Pijany wójt z Wielkopolski udzielił ślubu. Teraz zapłaci
Wójt Żelazkowa koło Kalisza skazany za udzielenie ślubu pod wpływem alkoholu. Sąd uznał, że Sylwiusz J. nie dopełnił obowiązków służbowych i ukarał go grzywną w wysokości 5 tys. zł.
27.10.2017 | aktual.: 25.03.2022 13:09
- Sąd przyjął, że oskarżony działał na szkodę interesu publicznego, ale także prywatnego młodej pary - wyjaśnia prezes Sądu Rejonowego w Kaliszu Elżbieta Kwaśniewska.
Dodaje, że oprócz grzywny wójt musi pokryć także koszty procesu. Wyrok jest nieprawomocny, a obrońca samorządowca zapowiada apelację.
Do zdarzenia doszło 21 listopada 2015 roku. Mundurowych do urzędu gminy wezwał jeden z gości weselnych - policjant z Poznania, bo zwrócił uwagę na nietypowe zachowanie wójta. Potwierdzali to również świadkowie ceremonii ślubnej.

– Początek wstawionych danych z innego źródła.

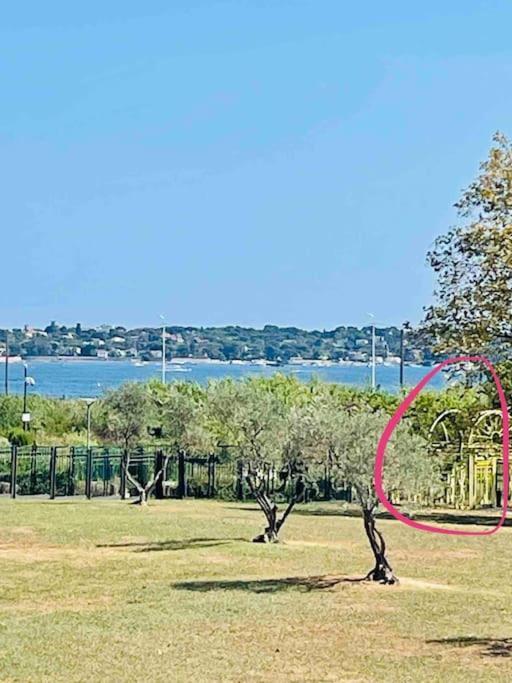 Riviera's Soul * Antibes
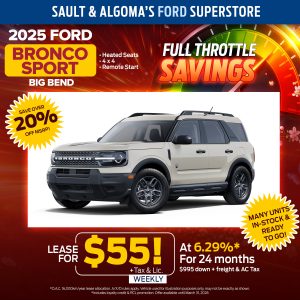 MF 25BS 55 FORD MARCH doorcrasher 1200 1200 copy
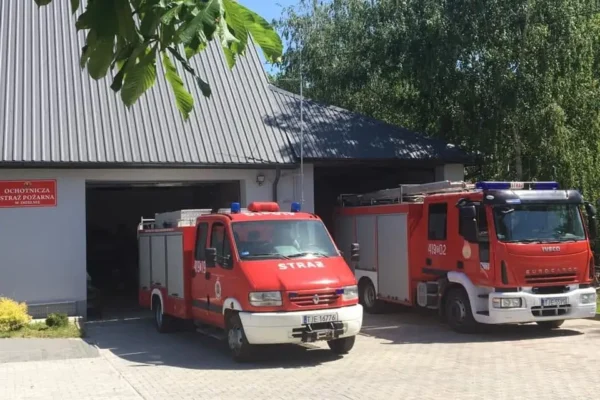 Pożar lasu w Zegartowicach – strażacy walczą z ogniem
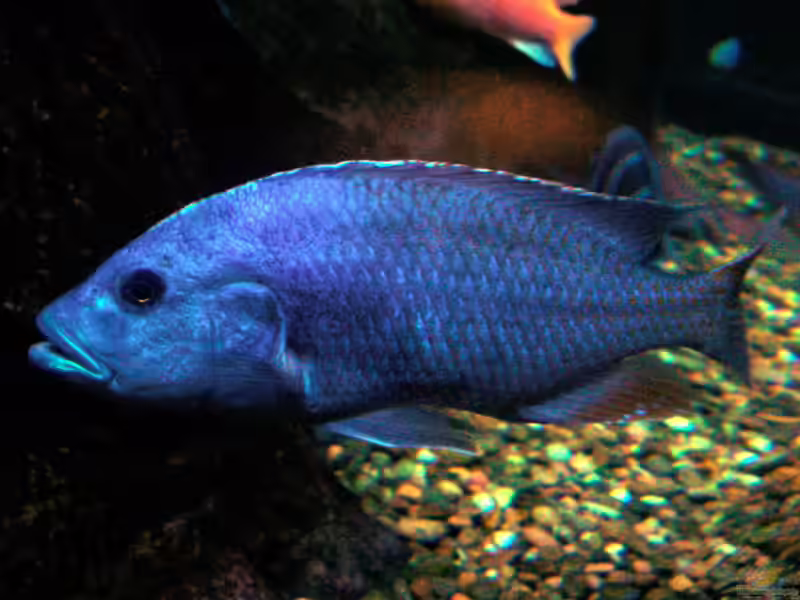 Nimbochromis-Arten im Aquarium halten (Einrichtungsbeispiele für Nimbochromis-Arten)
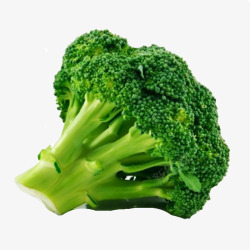 Broccoli 蔬菜素材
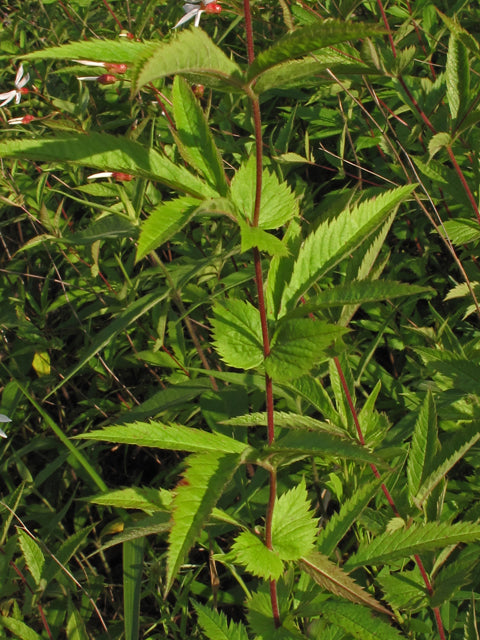American Ipecac / Western Indian Physic - Porteranthus stipulatus / Gillenia stipulata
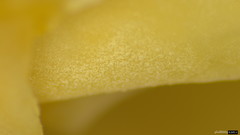 Lactarius pterosporus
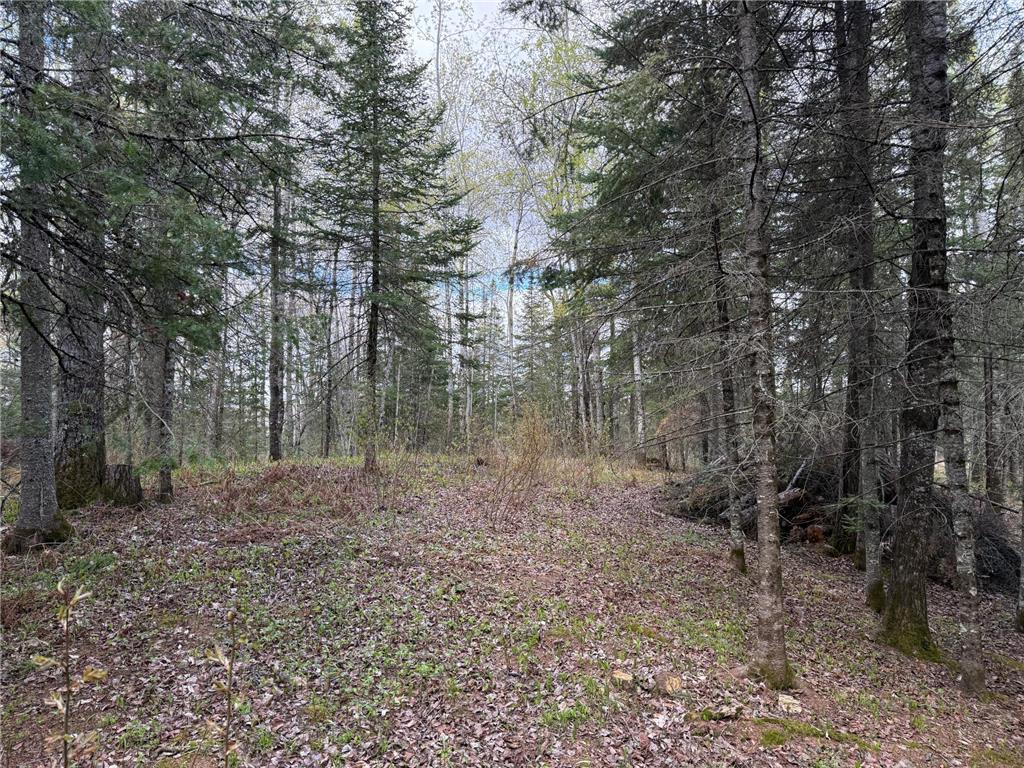 7355 Melrude Rd. W Cotton MN 55724 7079418 image26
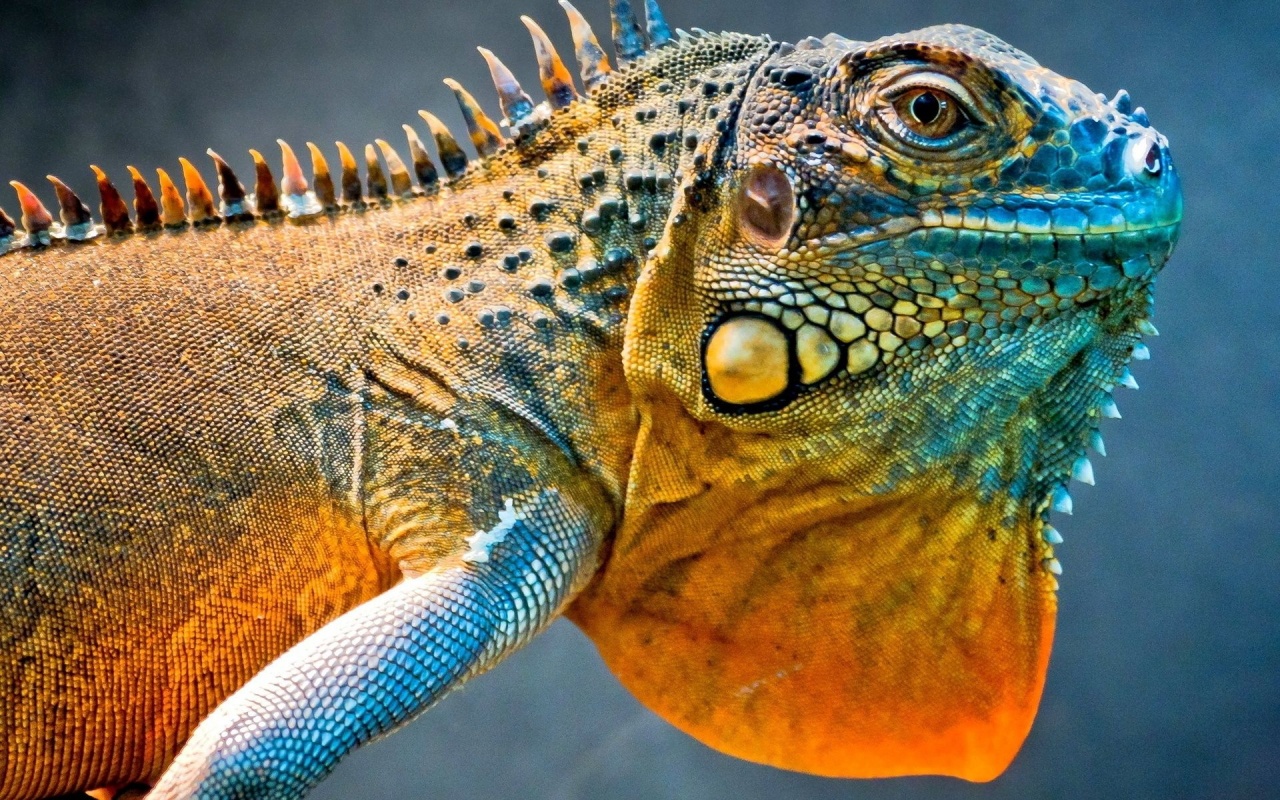 Amazing Iguana1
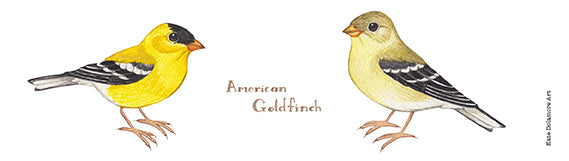 American Goldfinch 10 oz. Camp Mug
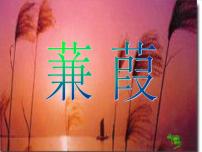 人教部编版八年级下册蒹葭教案配套课件ppt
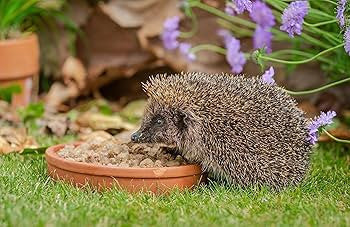 Gardman Hedgehog Bites 650g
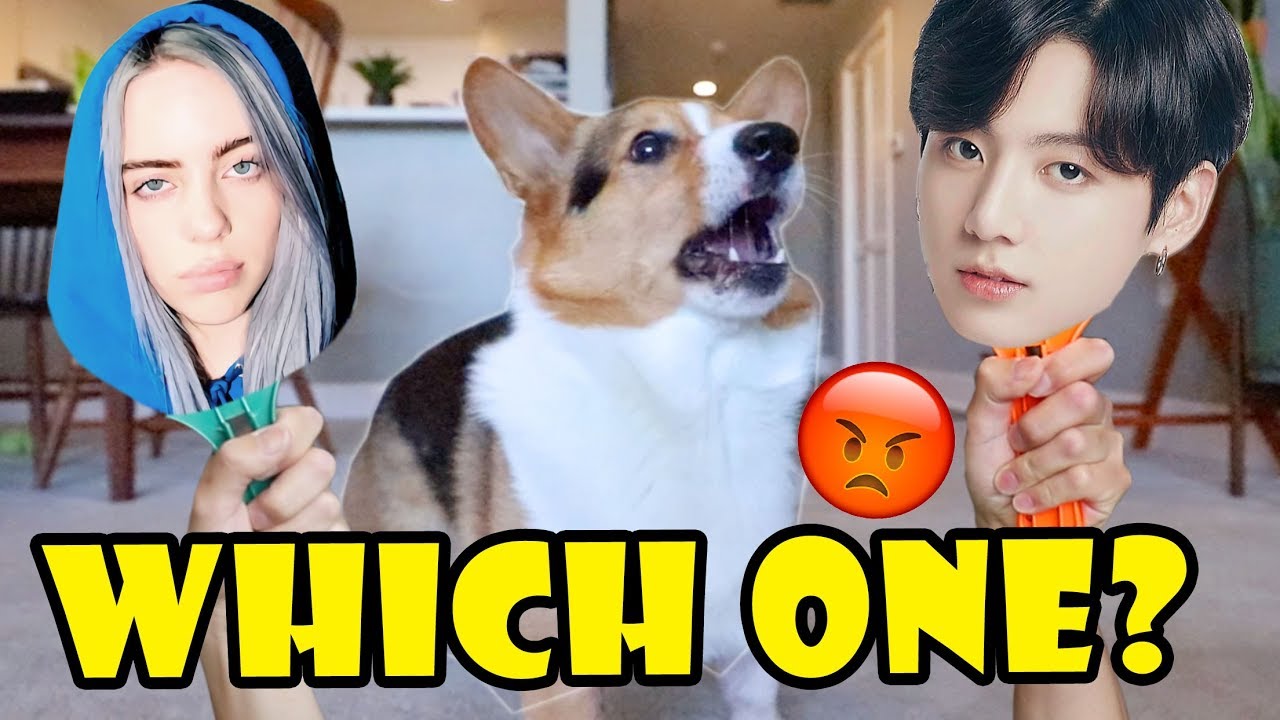 DOES MY CORGI DISLIKE BTS Or Billie Eilish? || Life After College: Ep. 647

Wójt odmówił policjantom udziału w badaniu alkomatem, dlatego w szpitalu pobrano mu krew do badań. Okazało się, że w chwili udzielania ślubu miał nie mniej niż 2,4 promila alkoholu we krwi. Według prokuratora wójt nie podołałby ceremonii, gdyby nie świadkowie.
Sylwiusz J. zeznał przed sądem, że ślub został zawarty zgodnie z obowiązującym ceremoniałem, a on sam przed jego udzieleniem nie pił alkoholu. Miał to zrobić po ceremonii.